───── Extracted data ─────

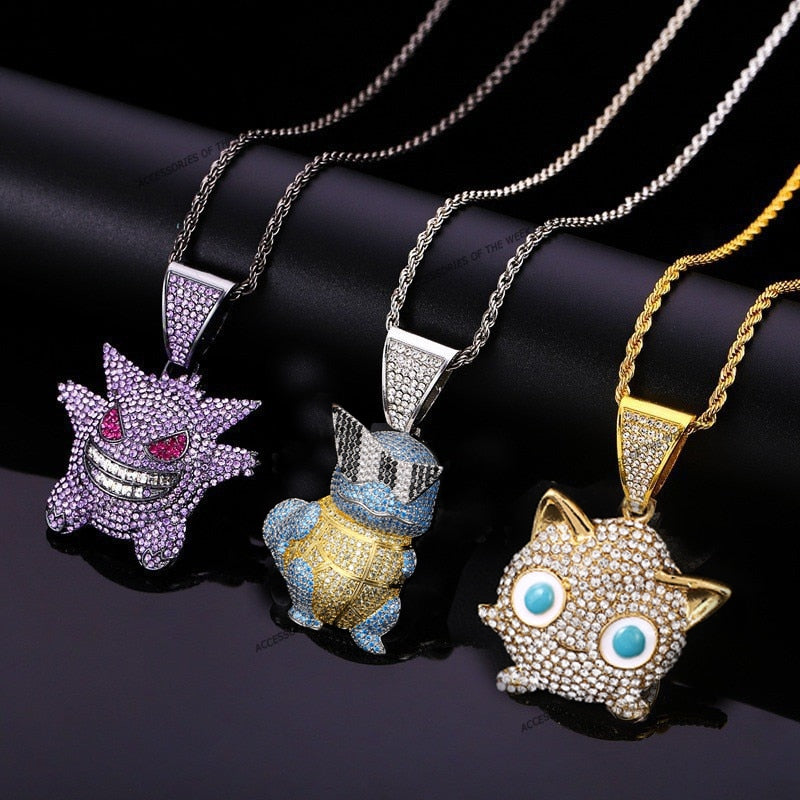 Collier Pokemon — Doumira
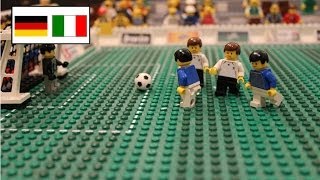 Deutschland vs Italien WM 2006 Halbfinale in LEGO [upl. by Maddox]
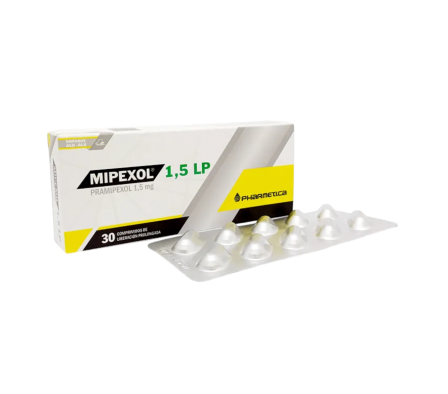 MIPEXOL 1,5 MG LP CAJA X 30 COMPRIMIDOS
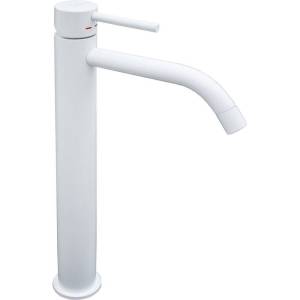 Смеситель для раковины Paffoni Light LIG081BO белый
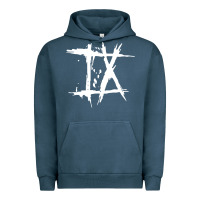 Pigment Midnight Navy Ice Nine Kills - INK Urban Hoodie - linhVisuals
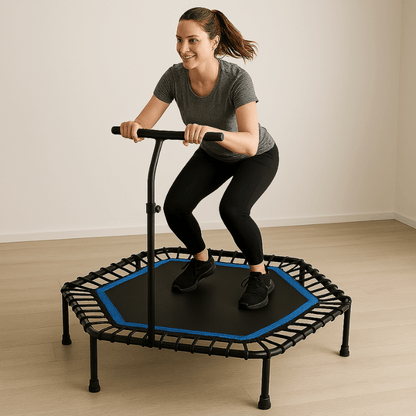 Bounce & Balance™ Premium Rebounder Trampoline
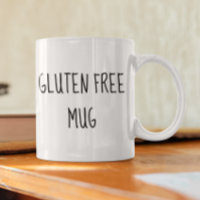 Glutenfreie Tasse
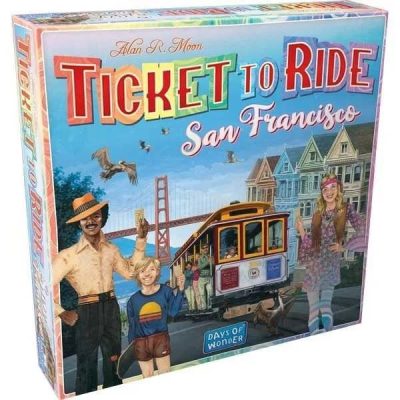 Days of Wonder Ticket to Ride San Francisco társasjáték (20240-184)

─────

_To do_: Give back the whole listing as it stands, minus its pictures.

_Response for this exercise_:
 Collier Pokemon — Doumira
 Deutschland vs Italien WM 2006 Halbfinale in LEGO [upl. by Maddox]
 MIPEXOL 1,5 MG LP CAJA X 30 COMPRIMIDOS
 Смеситель для раковины Paffoni Light LIG081BO белый
 Pigment Midnight Navy Ice Nine Kills - INK Urban Hoodie - linhVisuals
 Bounce & Balance™ Premium Rebounder Trampoline
 Glutenfreie Tasse
 Days of Wonder Ticket to Ride San Francisco társasjáték (20240-184)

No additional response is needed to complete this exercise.